What should the leader do about complexity?
The answer is found in the axiom, do more by doing less. If you don’t see complexity as the addition of the unnecessary, then you will never receive the less is more principle in your leadership heart. There are three logical ways to do less: reduction, combination, and elimination.
Reduction. Many times, the first step is looking for ways to do less of some dynamic that created complexity. For example, you reduce the number of people involved in a decision, or you might reduce the word count in your statement of beliefs as a church. Even in an over-programmed environment, you can simplify without eliminating a program just by reducing the number of programs advertised in the Sunday worship guide.
Combination. Combining things is an often-overlooked strategy for battling complexity. Sometimes two teams, two belief statements, two programs, or two initiatives are not so different. Two can and should become one. With a little more work and conversation, the synergy of a good combination will be well worth it. One church took a separate Wednesday night men’s ministry event and combined it with the primary strategy of Adult Bible Fellowships. At Auxano, we wanted to launch both a coaching network (called co::Labs) and a Church Unique Certification process at the same time. After developing them separately, we decided to scrap the certification model and use the co::Labs as the primary step of certification.

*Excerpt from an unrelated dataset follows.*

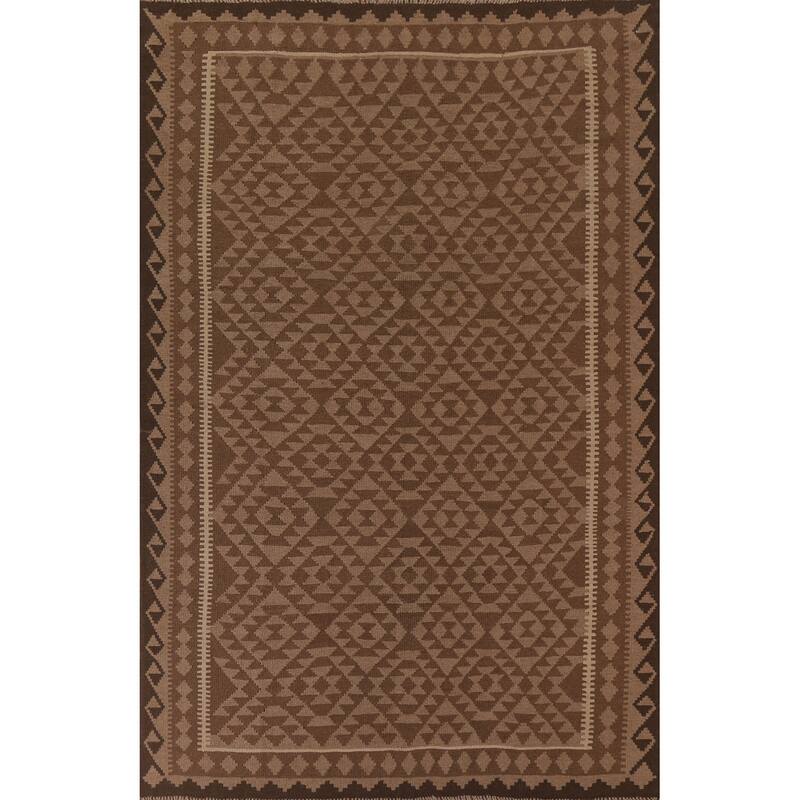 Hand Woven Oriental 100% Wool Carpet Southwestern Geometric Brown Kilim Area Rug - 9' 4'' X 6' 8''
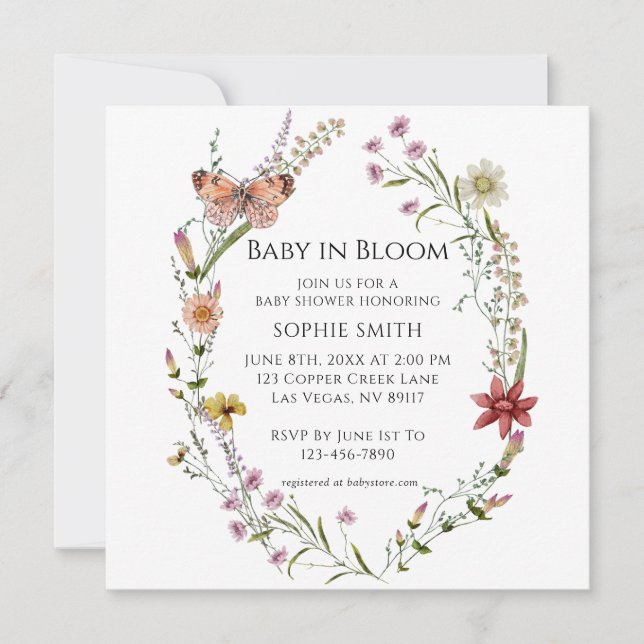 Wildflower Botanical A Baby Shower In Bloom Invitation (Front)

Elimination: The most obvious step to remove complexity is to just flat out cut stuff. Gardeners know to prune the branches for maximum health and growth. My mentor, Howard Hendricks, used to say, “The secret to concentration is elimination.” Jim Collins recommends a “stop doing list.” Right now, you could probably be more effective by eliminating 20% of what you are doing as a church. What would that 20% look like for you? Don’t be afraid to stop doing things, but make sure you have the right conversations and look for ways to reduce and combine first.